Thursday, December 23, 2010

5 of Friday (Thursday)

Since tomorrow is Christmas Eve, I wanted to post this early because I will be spending the day with family hopefully like many of you.

I made this meal one night last week. 

Even though you would normally probably think of this dish as a side item, I used it as the main entree and paired it with some applesauce since the entree already had protein (chicken), carbs (rice) and vegetables (peas & carrots).

Chicken Fried Rice


  • 1 1/2 pounds cooked/diced chicken breast (chicken tenders or chicken for stir fry work well so you have less prep time in cutting up chicken into smaller pieces)
  • 1/3 cup soy sauce (or more depending on your taste buds)
  • 1 bag of frozen peas/carrots medley
  • 6 cups cooked white rice (we typically use brown rice)
  • 2 eggs
  • Non Stick Cooking Spray* (NSCS)



  1.  Spray large skillet with non stick cooking spray.

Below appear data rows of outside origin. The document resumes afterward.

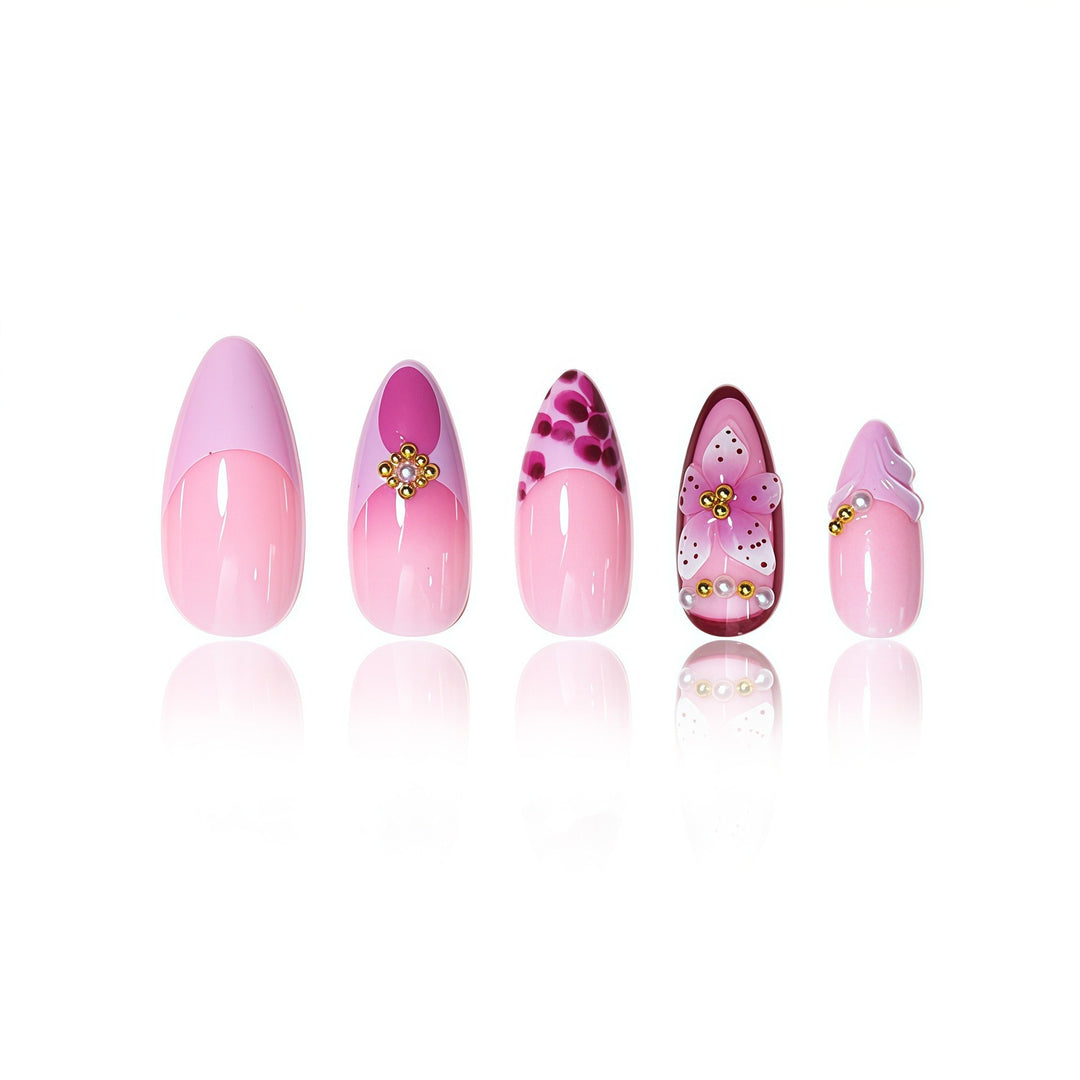 Elegant Floral Acrylic Nail Extensions Bowlift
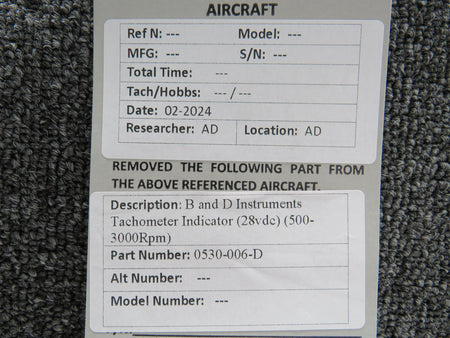 B and D Instruments 0530-006-D B and D Instruments Tachometer Indicator w Modifications (28V)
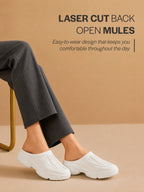 Women White Laser Cut Design Stitched Back Open Slip On Mules Shoes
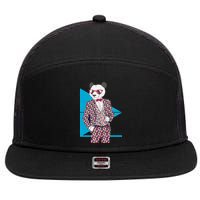 Retro Panda Platted Suit Graphic 7 Panel Mesh Trucker Snapback Hat
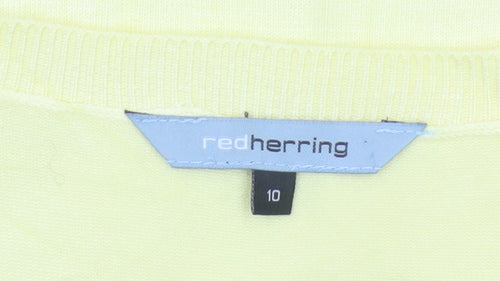 Red Herring Women Yellow Size 10 Short Sleeve Knit Button Cardigan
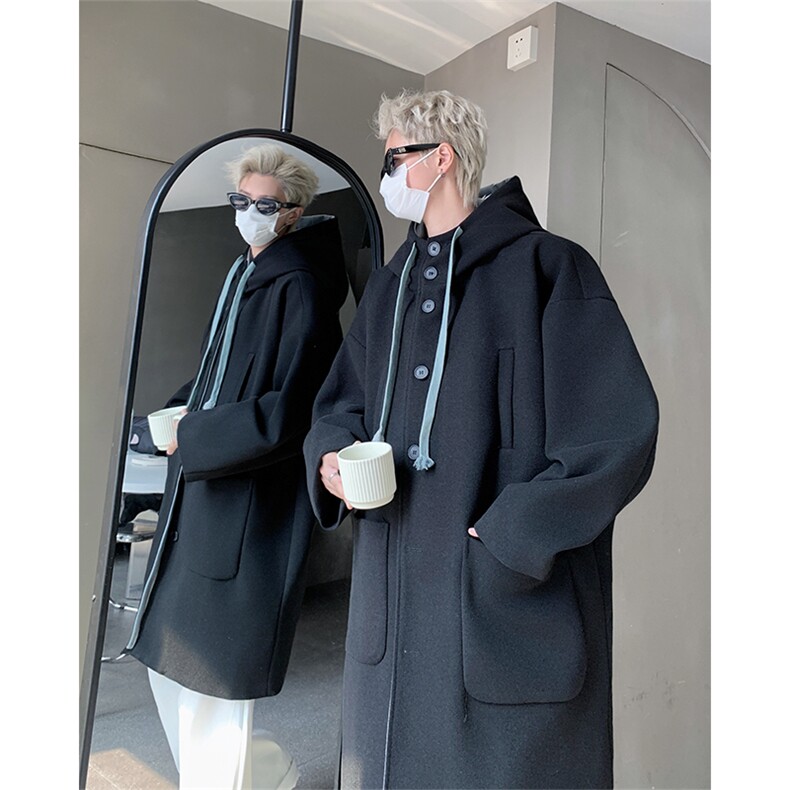 男装长款过膝呢料呢子大衣24冬季呢子连帽外套XZ514-2-F11-P128，男装毛呢大衣，星座514-2(原B239)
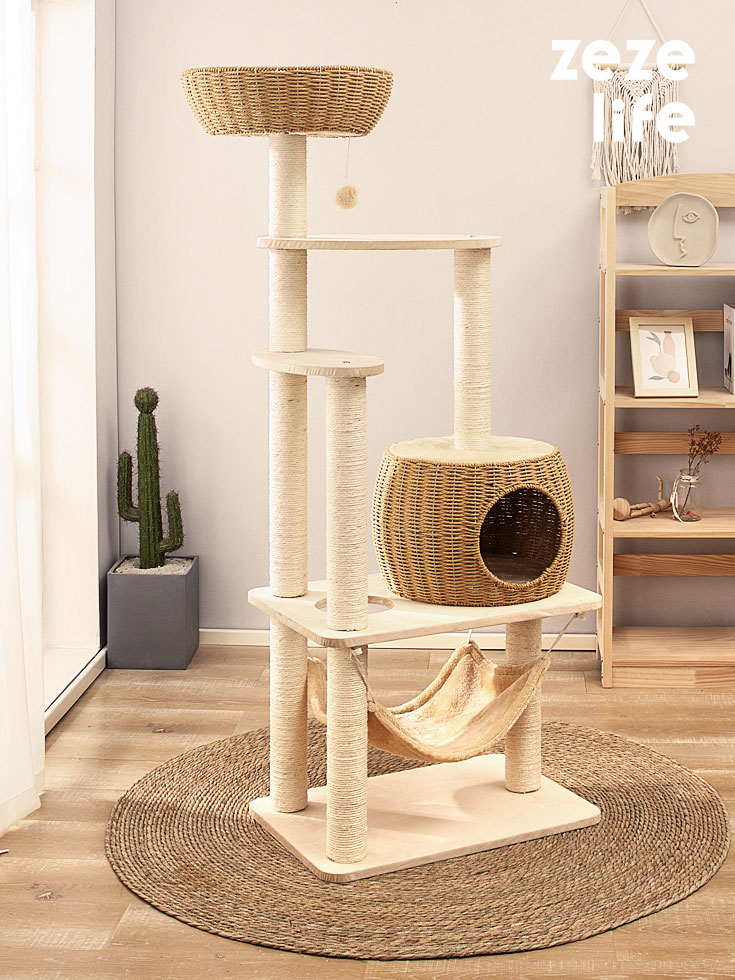 ZezeLife Hammock Rattan Cat Tree, view 2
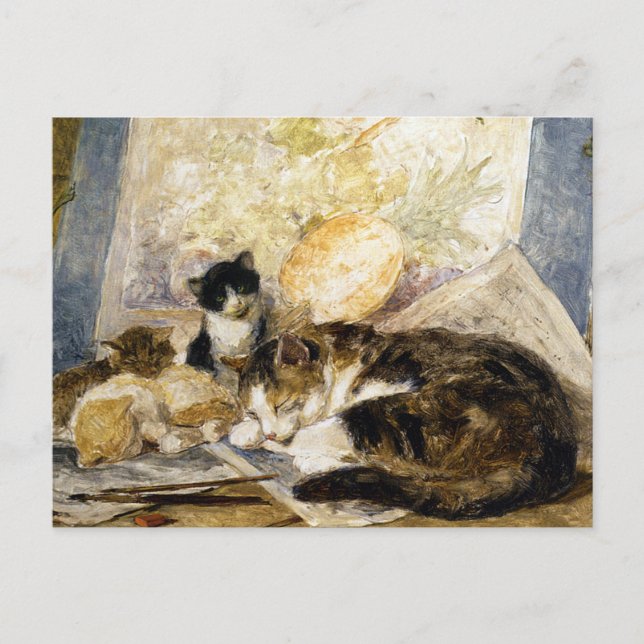Carte Postale Chat et chatons Dormir dans le studio de l'artiste (Devant)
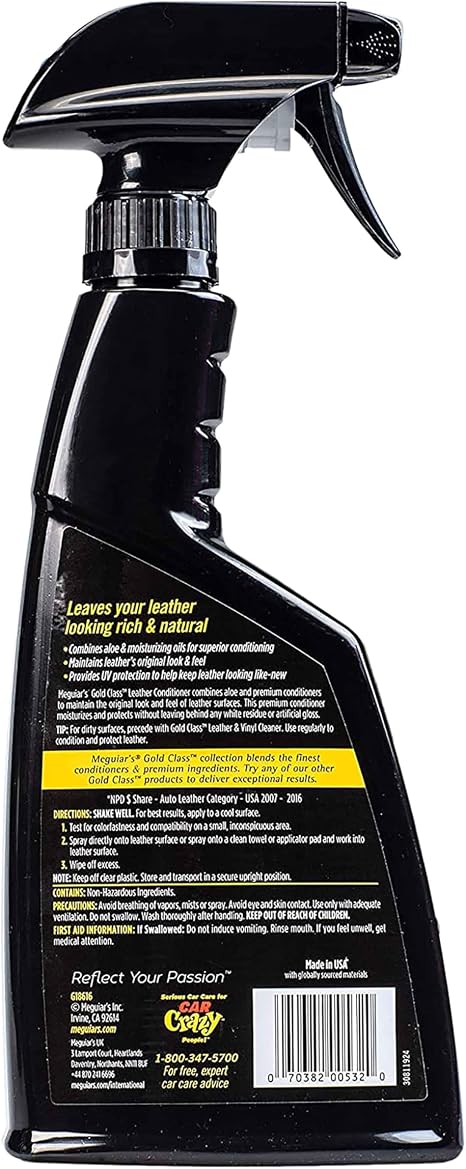 Meguiar's Gold Class Leather Conditioner Spray, 16 Oz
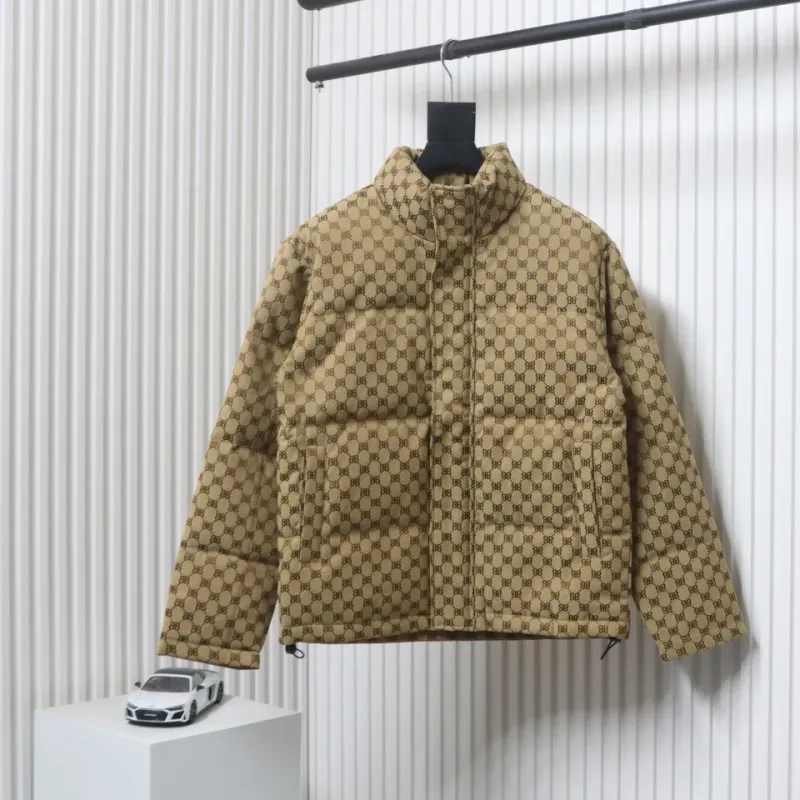 Balenciaga x Gucci Double B Full Print Jacquard Down Jacket Brown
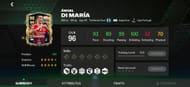The FC Mobile TOTS Angel Di Maria Exchange card has brilliant overall stats and attributes (Image via EA Sports)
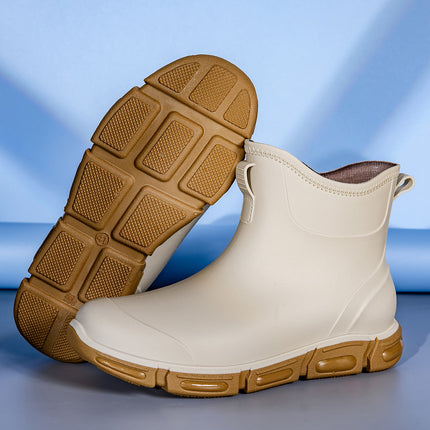 Korean Style Plain Black Classic Sports Wind and Rain Shoes Outer Wear Wading Shoes Fishing Shoes Kitchen Khaki White Outdoor Functional Men's Shoes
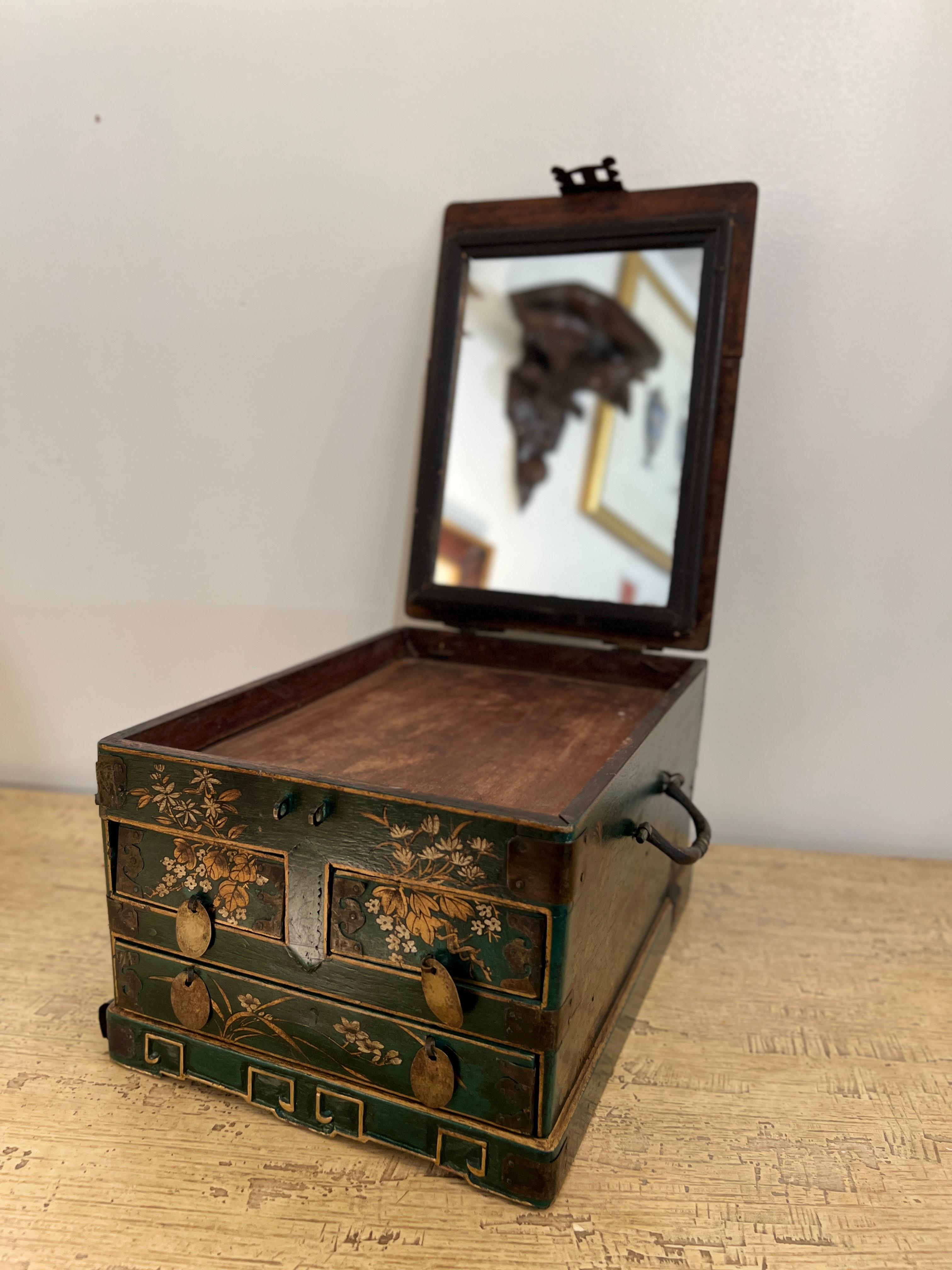 19th Century Chinese Wooden Jewelry Box or Vanity Dresser Chest Featuring Inlay For Sale
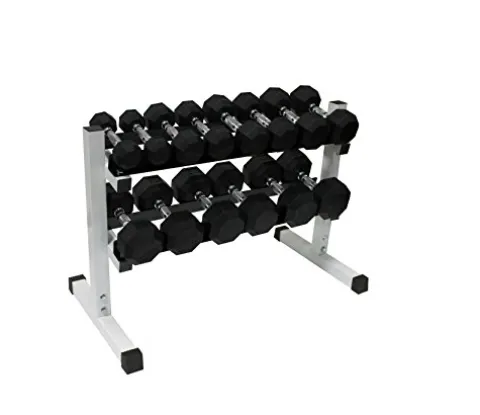 Ader Sporting Goods Rubber Dumbbells Set with Rack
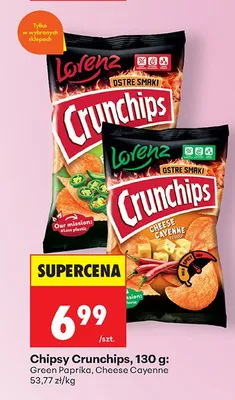 Chipsy Crunchips cheese cayenne promocja w Biedronka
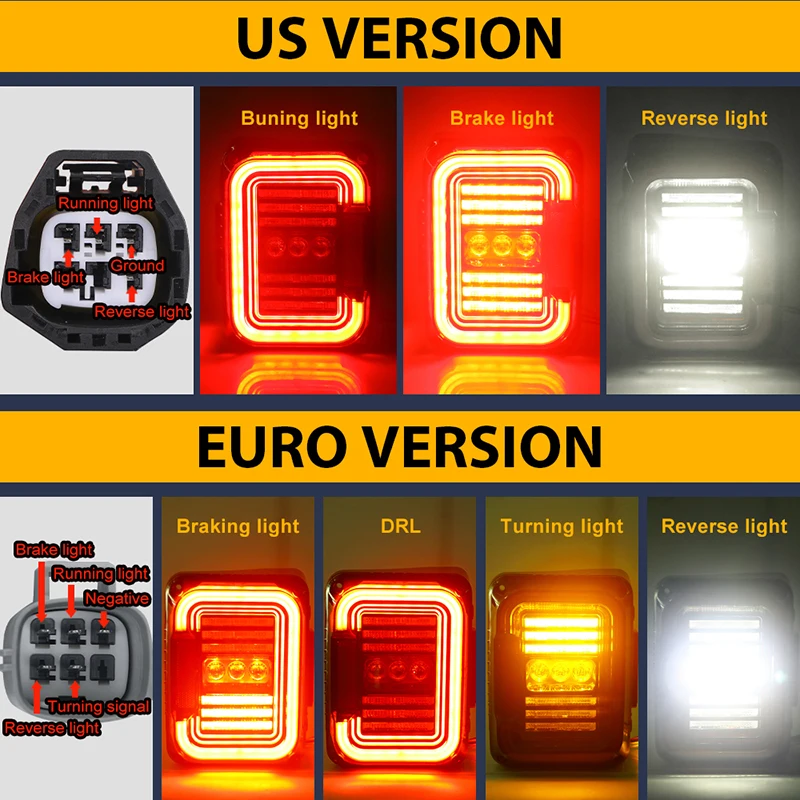 

Lantsun J405 LED Tail Lights Rear Lamp ABS Taillight Brake Light for Jeep for Wrangler JK07-17, 1-pair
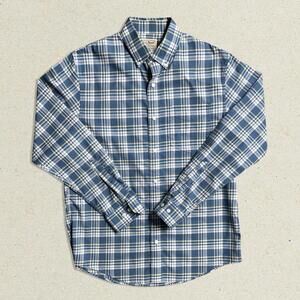 L.L.Bean Blue Plaid Button Down Shirt Classic Fit - Small
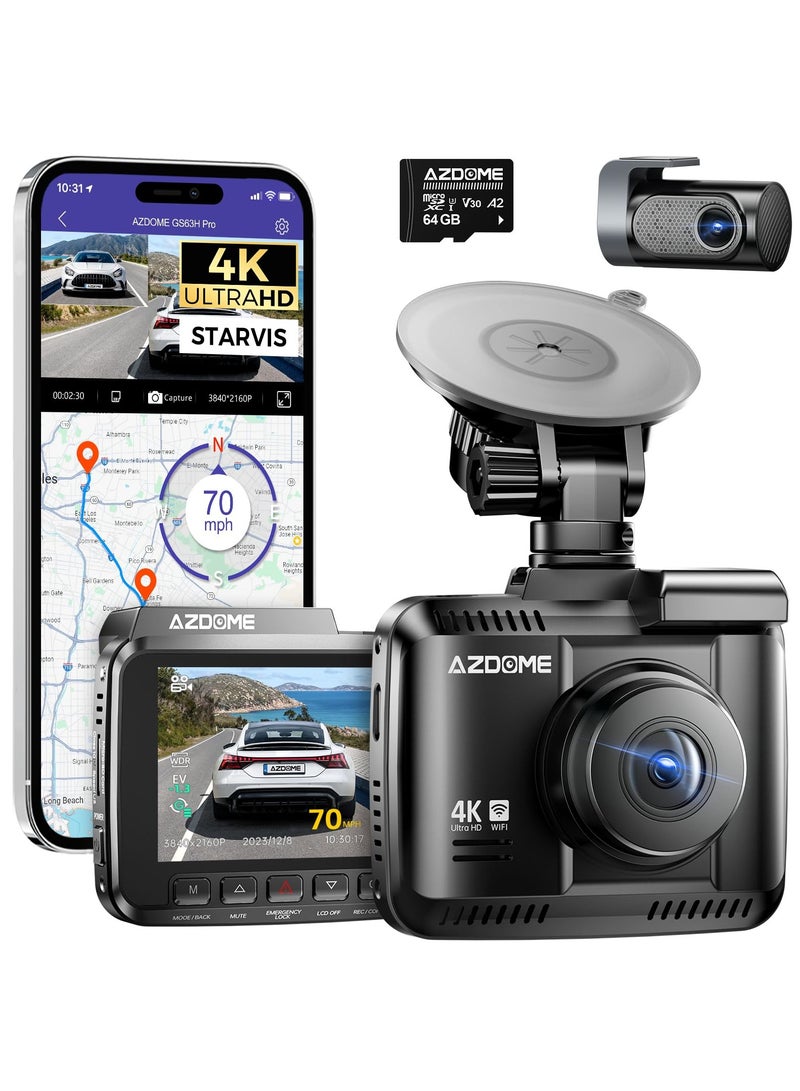 أزدوم كاميرا داش AZDOME GS63H Pro – تسجيل مزدوج 4K+1080P، شاشة IPS بقياس 2.4 بوصة، نظام GPS، واي فاي 6، تطبيق تحكم، زاوية رؤية 130°، جهاز تسجيل فيديو للسيارات (DVR)، مراقبة وقوف على مدار 24 ساعة. - Image 1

  2. Cook diced chicken in large skillet on medium heat until brown (10-15 mins)

  3.  Cook brown or white rice as directed on bag/box.

  4. Cook frozen peas/carrots on stove top until al dente.  Drain excess water. Set aside.

  5. Cook eggs in separate skillet, scramble*.  Do not add milk.

  6. Mix all items into the large skillet where chicken was cooked. 

  7. Add soy sauce, stir. Let simmer for about 5 mins and serve.

*Don't forget to coat skillet with NSCS

Serves 6-8

This is also a great recipe for left over pork, turkey and even ham!  I know it doesn't sound as appealing Turkey Fried Rice, Ham Fried Rice...but it's all good!